After holding a Somali terrorism suspect for two months on a U.S. warship, the Obama administration secretly flew him to New York for trial in a civilian court, leaving both rights groups and Congress infuriated.
The clandestine imprisonment at sea echoed Bush-era – and widely condemned – efforts to deny detainees constitutional protections while interrogating them offshore. Meanwhile, opting to surreptitiously bring the Somali to a U.S. federal court not far from where New York’s twin towers once stood gives the President a chance to circumvent Congress, which has thwarted efforts to put high-profile al-Qaeda suspects on trial in civilian courts.
Ahmed Warsame, said to be in his mid-20s, is hardly a major figure. He is described as a go-between for Somalia’s militant Al-Shabab group and the shadowy al-Qaeda in the Arabian Peninsula, located mainly in Yemen.
According to U.S. officials, he willingly operated with interrogators on board a U.S. warship. Once they were finished with him, after two months, a “clean” team from the FBI read him his rights to keep silent and have a lawyer, but the officials said he waived those rights and kept talking.
But his capture, interrogation and forthcoming trial will again lay bare the raw and bitterly disputed debate over treatment of detainees in America’s global war on Islamic extremists.
Infuriated by being kept in the dark, Republican Senator Mitch McConnell accused Mr. Obama of willfully defying the majority of Americans who, he said, want terrorism suspects kept out of the United States. “Why is it so hard for President Obama to acknowledge what the majority of Americans already know: foreign terrorists are enemies of America,” Mr. McConnell said, adding: “They should not be tried as common criminals, but as terrorists in military commissions at Guantanamo Bay.”

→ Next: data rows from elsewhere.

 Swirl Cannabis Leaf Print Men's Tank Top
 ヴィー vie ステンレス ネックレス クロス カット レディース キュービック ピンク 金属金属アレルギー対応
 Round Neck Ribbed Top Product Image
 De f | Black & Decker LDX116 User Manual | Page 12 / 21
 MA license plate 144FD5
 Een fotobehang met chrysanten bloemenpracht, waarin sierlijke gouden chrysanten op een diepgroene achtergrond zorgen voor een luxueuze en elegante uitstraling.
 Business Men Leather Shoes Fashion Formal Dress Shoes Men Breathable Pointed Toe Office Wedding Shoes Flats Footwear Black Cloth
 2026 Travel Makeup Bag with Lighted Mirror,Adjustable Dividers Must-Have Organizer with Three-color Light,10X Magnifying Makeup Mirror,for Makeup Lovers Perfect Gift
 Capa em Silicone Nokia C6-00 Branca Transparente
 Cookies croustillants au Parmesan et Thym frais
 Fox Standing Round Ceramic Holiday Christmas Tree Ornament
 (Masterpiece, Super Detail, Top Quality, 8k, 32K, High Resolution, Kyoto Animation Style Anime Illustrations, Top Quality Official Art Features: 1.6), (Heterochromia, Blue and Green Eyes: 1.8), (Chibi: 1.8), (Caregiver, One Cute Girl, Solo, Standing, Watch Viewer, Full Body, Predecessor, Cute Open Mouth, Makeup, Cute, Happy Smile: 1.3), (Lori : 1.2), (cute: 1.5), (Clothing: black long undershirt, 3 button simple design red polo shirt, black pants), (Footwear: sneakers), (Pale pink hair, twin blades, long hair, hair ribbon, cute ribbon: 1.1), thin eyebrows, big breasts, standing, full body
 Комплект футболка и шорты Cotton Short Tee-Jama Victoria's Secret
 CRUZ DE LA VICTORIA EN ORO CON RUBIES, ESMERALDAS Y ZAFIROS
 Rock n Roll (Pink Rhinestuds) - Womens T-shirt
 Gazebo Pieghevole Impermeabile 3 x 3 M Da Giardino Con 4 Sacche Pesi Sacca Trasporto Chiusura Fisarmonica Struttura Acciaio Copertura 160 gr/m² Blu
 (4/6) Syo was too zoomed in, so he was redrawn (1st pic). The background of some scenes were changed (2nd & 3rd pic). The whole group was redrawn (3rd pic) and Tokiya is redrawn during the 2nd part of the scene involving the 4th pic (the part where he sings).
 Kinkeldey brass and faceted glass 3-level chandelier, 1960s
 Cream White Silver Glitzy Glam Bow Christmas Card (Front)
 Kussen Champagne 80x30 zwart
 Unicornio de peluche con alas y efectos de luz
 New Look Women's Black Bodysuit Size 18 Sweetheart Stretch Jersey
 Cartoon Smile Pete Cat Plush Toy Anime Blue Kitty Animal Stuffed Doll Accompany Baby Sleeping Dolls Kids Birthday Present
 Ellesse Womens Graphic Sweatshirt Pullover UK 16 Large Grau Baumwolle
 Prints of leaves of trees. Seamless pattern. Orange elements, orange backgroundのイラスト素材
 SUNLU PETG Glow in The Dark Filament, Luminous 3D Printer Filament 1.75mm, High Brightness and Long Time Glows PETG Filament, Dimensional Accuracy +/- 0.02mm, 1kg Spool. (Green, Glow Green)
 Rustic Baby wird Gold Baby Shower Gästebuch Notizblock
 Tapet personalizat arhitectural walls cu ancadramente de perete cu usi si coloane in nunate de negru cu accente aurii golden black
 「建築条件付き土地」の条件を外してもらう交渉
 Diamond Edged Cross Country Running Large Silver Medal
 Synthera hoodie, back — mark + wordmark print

Rights groups lauded the administration for bringing Mr. Warsame to New York to face trial in a civilian court. But they were appalled by the months of interrogation on a warship. “There is little practical difference between the Bush’s global war on terrorism and … the Netherworld that the [Obama]administration created,” said Hina Shamsi, director of the American Civil Liberties Union National Security Project.
The President’s record is spotty on promises to scrap his predecessor’s controversial practices regarding captured al-Qaeda suspects. His vow to shutter Guantanamo within a year was embarrassingly dropped. Plans to put Khalid Sheikh Mohammed – mastermind of the Sept. 11, 2001, suicide hijackings – were quickly reversed in the face of angry opposition. So was a plan to bring terrorism suspects to a disused prison in Illinois. So far, the highest profile terrorist trial on Mr. Obama’s watch was the conviction of Canadian Omar Khadr, who was only 15 when he was captured after a firefight in Afghanistan.
Still, there are significant differences in tone from the Bush era. Only rarely does Mr. Obama talk about the global hunt for violent Islamic extremists. Last week, he did, saying his “top priority in each and every one of these situations is to make sure that we’re apprehending those who would attack the United States, that we are getting all the intelligence that we can out of these individuals in a way that’s consistent with due process of law and that we … we prosecute them in a way that’s consistent with rule of law.”
And his officials are insisting the latest capture and interrogation was lawful. Among the differences; unlike the secret CIA prisons established offshore during the Bush presidency, the International Committee of the Red Cross was told of Mr. Warsame’s capture and visited him on the ship.